━━━━━ Information provided

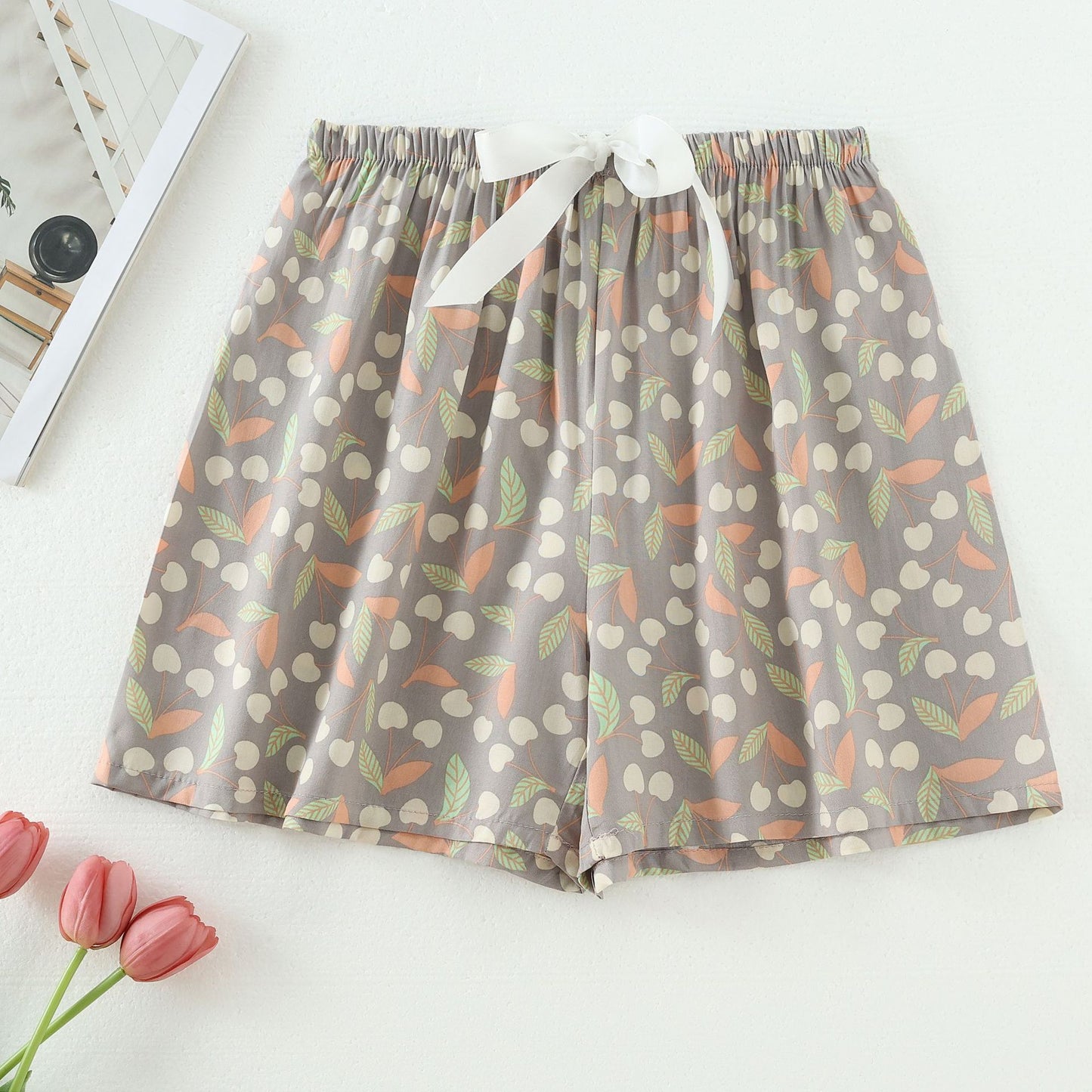 Shorts Thin Japanese Floral Draping Elastic Waist Pajama Pants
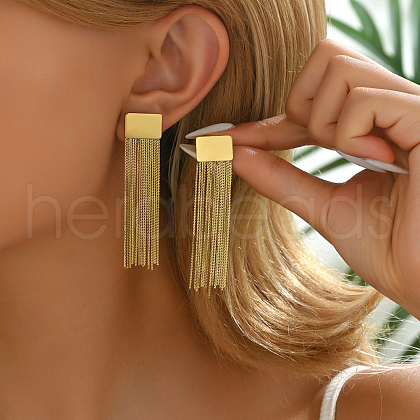 Rectangle Tassels Stud Earrings for Women ZI4727-1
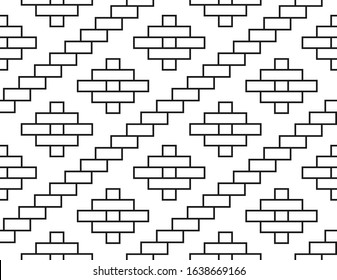 Abstract seamless patterns. Geometric textures. Linear ornament decoration.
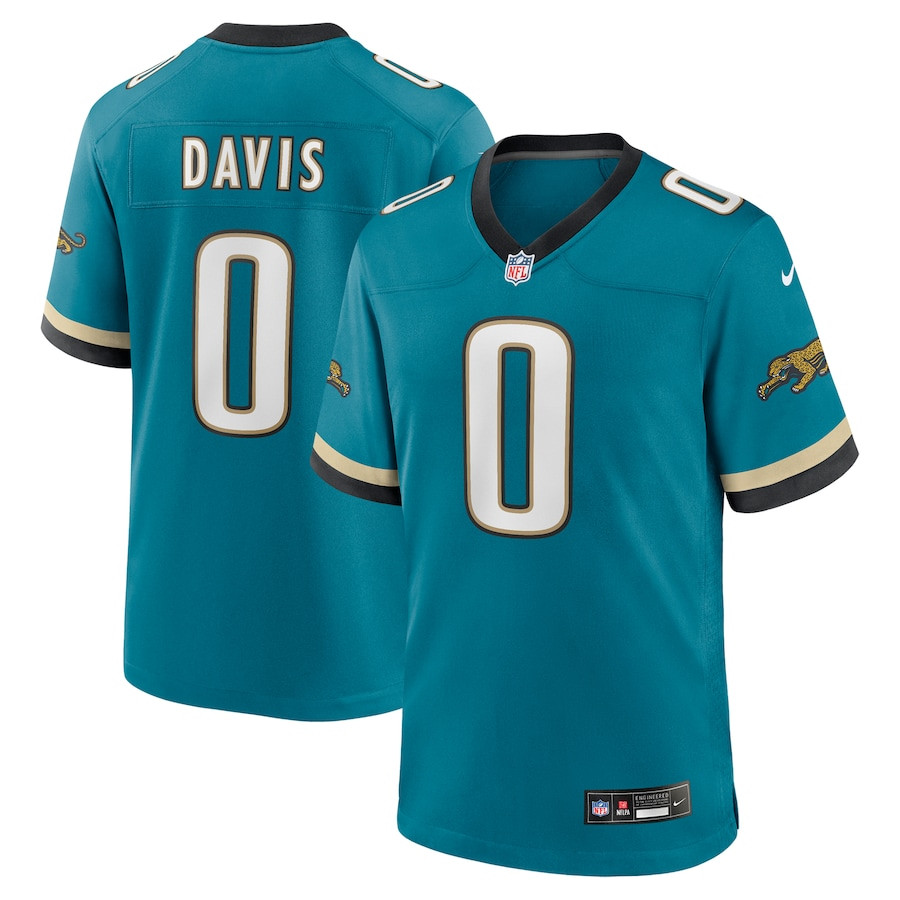 Gabe Davis 0 Jacksonville Jaguars Prowler Throwback Player Game Men Jersey - Teal JS3035 Saliibo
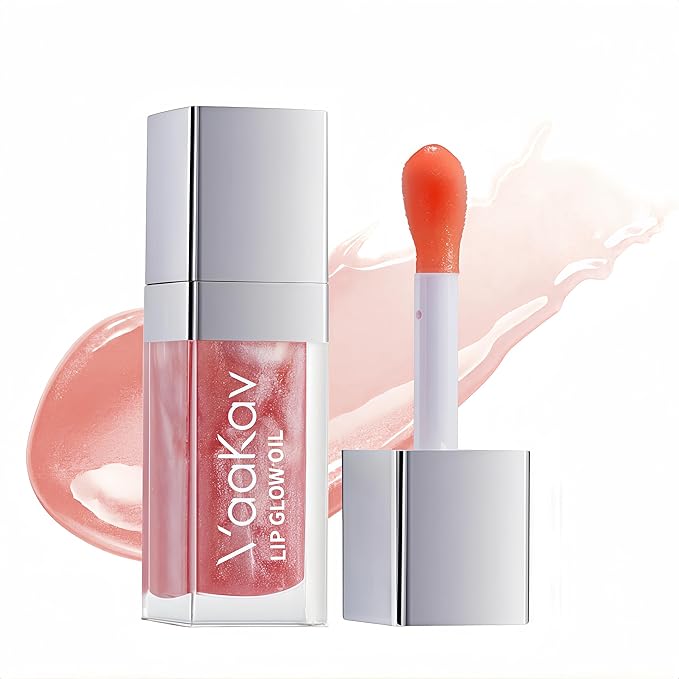 Shimmering Magic PH Color Changing、Hydrating Lip Glow Oil, Plumping Lip Gloss, Moisturizing Lip Oil Gloss, Transparent Moisturizing Lip Balm, Natural Lip Plumper(03 PEACH SHINE)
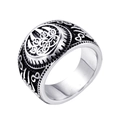Anillo vikingo vintage de acero inoxidable con garra de oso y nudo celta - US 7 / Color Acero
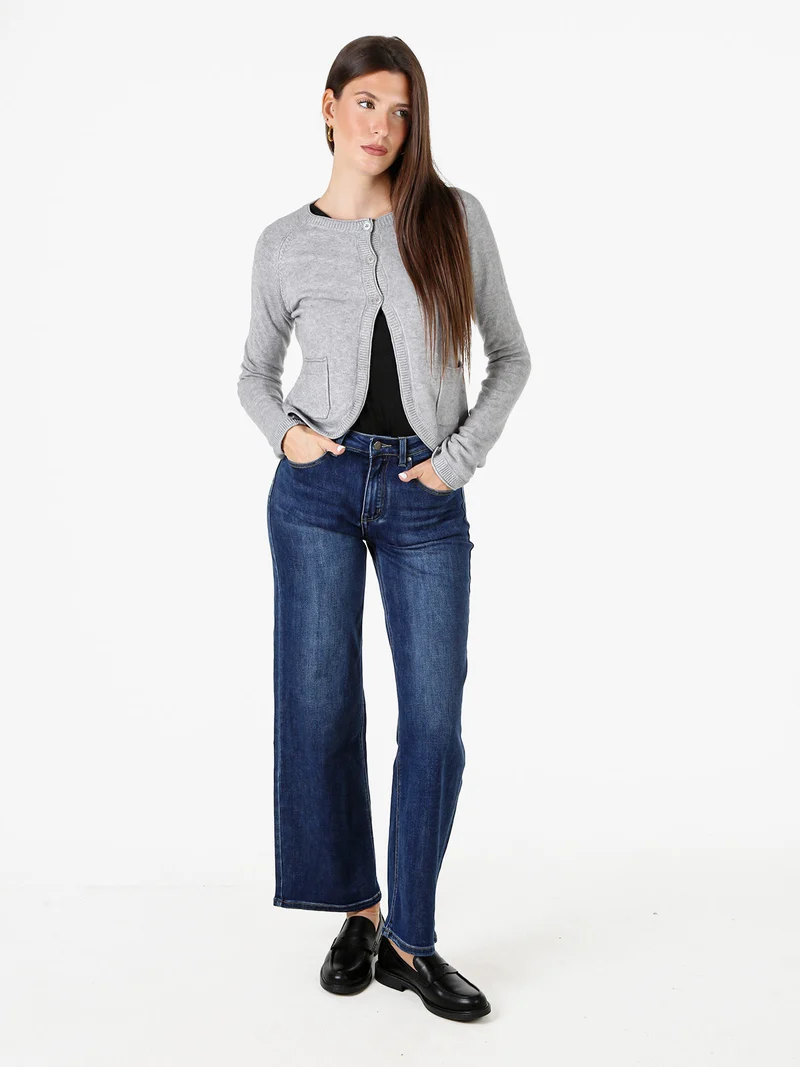 Cardigan donna in maglia con bottoni - grigio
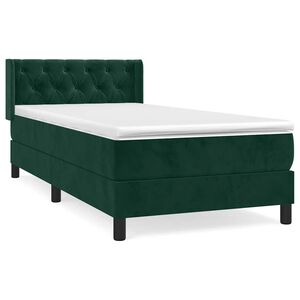 vidaXL Rams&auml;ng med madrass m&ouml;rkgr&ouml;n 80x200 cm sammet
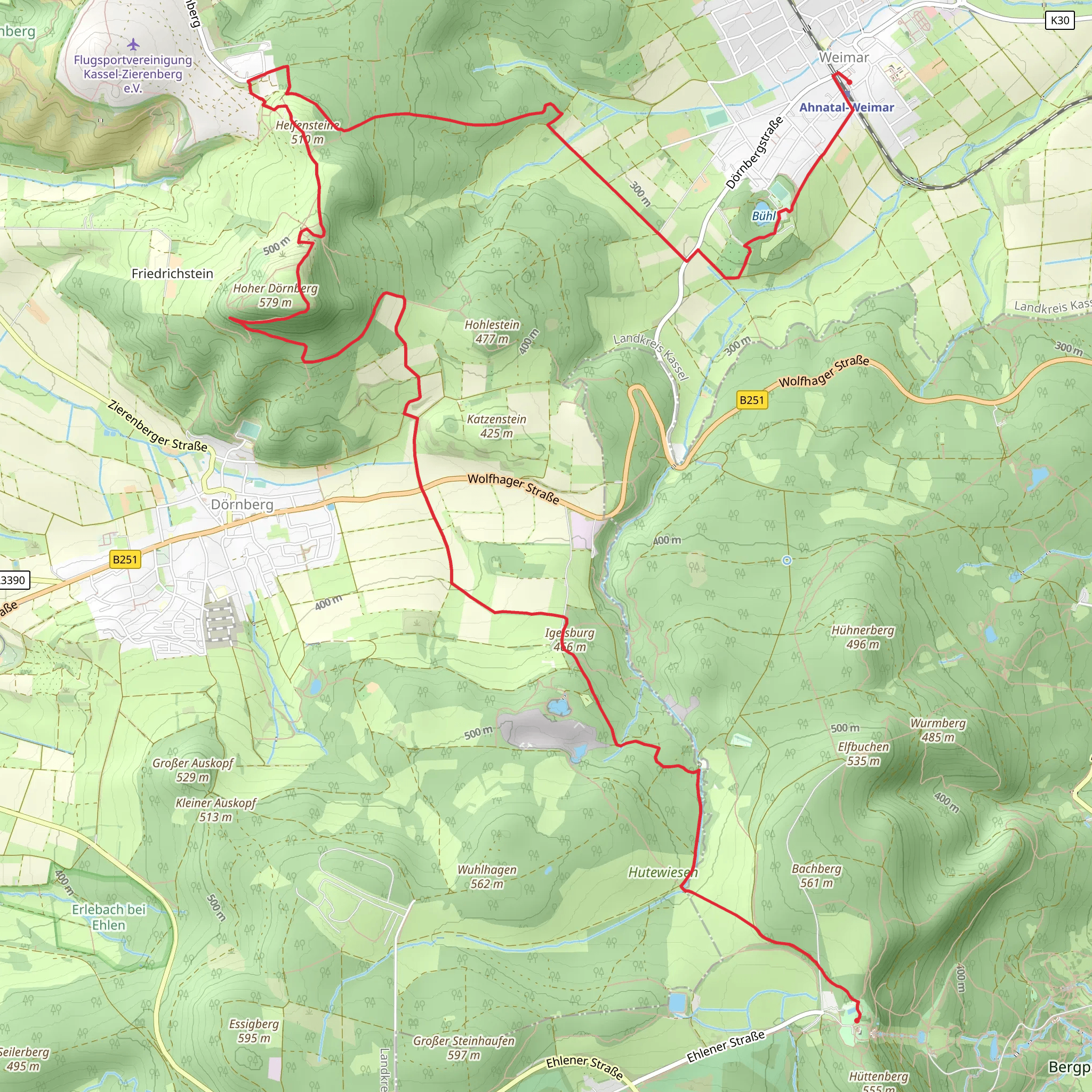 Herkules to Ahnatal-Weimar via Kasselsteig mobile static map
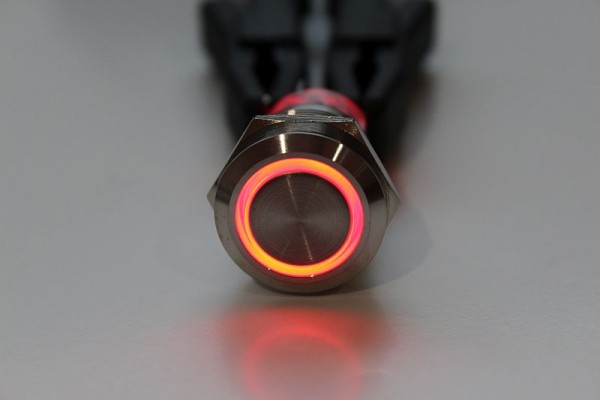 Drucktaster IP67 mit Ringbeleuchtung rot 12V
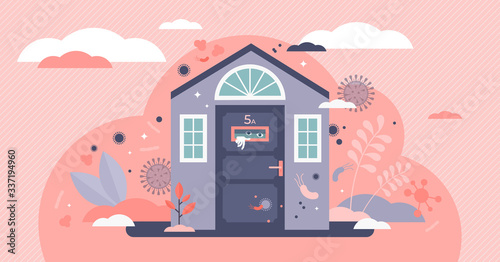 Stay home vector illustration. Scared human in house flat tiny person concept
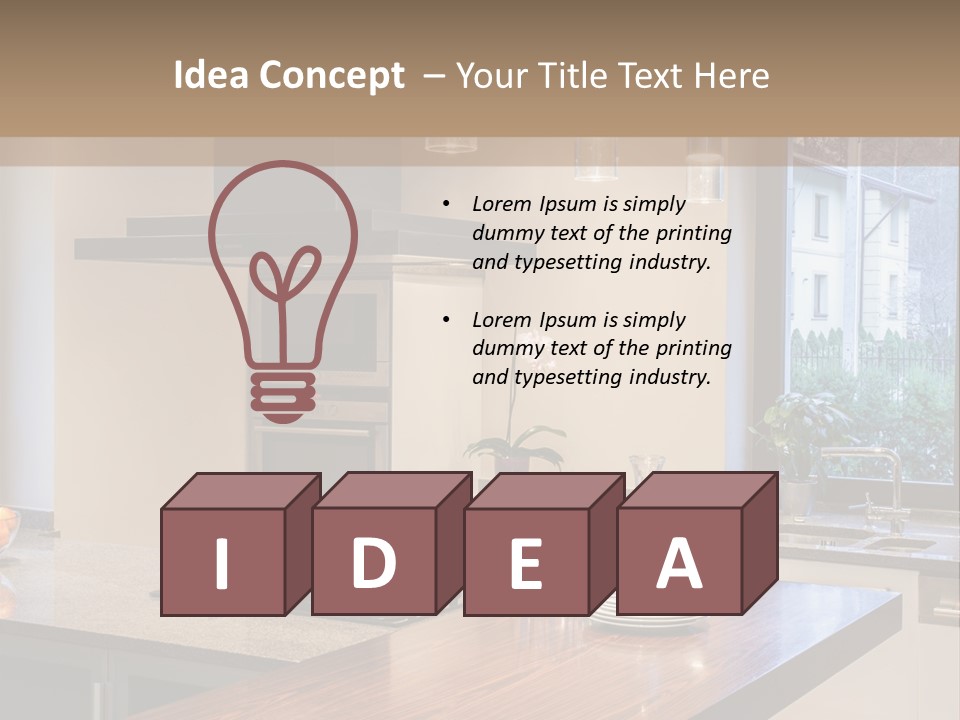 A Kitchen With A Center Island And A Stove Top Oven PowerPoint Template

━━━━━━━━━━

Output, line for line and exactly, the records above from their first line through the one with "Drucktaster IP67 mit Ringbeleuchtung rot 12V", both ends included, but no pictures.

§ Answer
 Shorts Thin Japanese Floral Draping Elastic Waist Pajama Pants
 Rectangle Tassels Stud Earrings for Women ZI4727-1
 Abstract seamless patterns. Geometric textures. Linear ornament decoration.
 Gabe Davis 0 Jacksonville Jaguars Prowler Throwback Player Game Men Jersey - Teal JS3035 Saliibo
 Shimmering Magic PH Color Changing、Hydrating Lip Glow Oil, Plumping Lip Gloss, Moisturizing Lip Oil Gloss, Transparent Moisturizing Lip Balm, Natural Lip Plumper(03 PEACH SHINE)
Anillo vikingo vintage de acero inoxidable con garra de oso y nudo celta - US 7 / Color Acero
 Cardigan donna in maglia con bottoni - grigio
 vidaXL Rams&auml;ng med madrass m&ouml;rkgr&ouml;n 80x200 cm sammet
 Herkules to Ahnatal-Weimar via Kasselsteig mobile static map
 Drucktaster IP67 mit Ringbeleuchtung rot 12V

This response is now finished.